Post Brexit Britain: Signing a Trade Deal with China

Why we shouldn’t be so hung up on the idea of an FTA with China: Reclaiming sovereignty and signing trade deals

Back in the pre-Brexit era, when George Osbourne was doing his best to build a “golden era” of Sino-UK relations, PM David Cameron annoyed Brussels by talking up an EU-China trade deal in Beijing.

Brussels was pissed off because it’s the responsibility of the European Commission’s to talk trade deals with EU partners. But a year and a half from now, post-Brexit Britain will be negotiating its own trade deals.

According to Brexiteers, the freedom to negotiate on trade is part of Britain’s newly won ability to forge its own destiny. Whether you are optimistic about the prospect or not, a Britain will be free to sign new trade deals once it leaves the EU.

In many a post-Brexit vision China is a potential partner in the brokering of new trade agreements. But in reality, what are the chances of Britain and China signing a Free Trade Agreement (FTA), and would such an agreement bode well for Britain?

Is the UK keen on a China trade deal?

During the Brexit campaign, greater trade with China and other emerging economies was mooted as an alternative to trade with the EU. Turning towards China formed part of a new ‘global outlook‘ that would take Britain in a brand new direction.

The government is still keen on this rhetoric, and PM Theresa May frequently defines our future in terms of free trade and becoming a ‘truly Global Britain‘.

Secretary of State for International Trade, Liam Fox, and Chancellor Phillip Hammond both claim to champion a ‘liberal free trade agenda‘, motivated by the desire ‘to secure trade agreements around the world‘.
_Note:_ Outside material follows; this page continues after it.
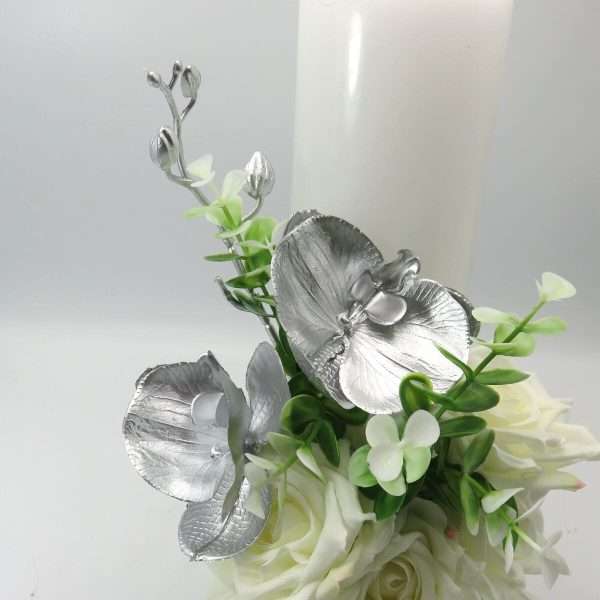Lumanare nunta aniversare 25 ani model deosebit cu flori de matase alb argintiu ILIF307164 4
Hosting Chinese vice premier Ma Kai for trade talks in London, Hammond echoed the Cameron government’s “golden era” rhetoric, claiming that Brexit Britain’s ‘trade relationship with China is now more important than ever’.

Fox said something very similar on a visit to Hong Kong in January, and May, on her trip to China last year, promised again that Britain would become a ‘global leader in free trade’ and an ‘outward looking country’.

It is sometimes difficult to get a reading on how much attention the government pays its China policy. Currently for example, the British embassy in Beijing is busy tweeting about the 59th anniversary of Paddington Bear, rather than the all important Party Congress taking place. Responding to questions on International Trade last week, the UK’s three main trade ministers failed to mention China once over the course of half an hour.

But doubts over the government’s expertise aside, a trade deal with China clearly figures in the government’s “Global Britain” rhetoric.

China is an important part of the government’s vision for post-Brexit Britain.

Is the UK’s interest in a China deal realistic?

There is an important qualification to make here with regards to the issue of priorities.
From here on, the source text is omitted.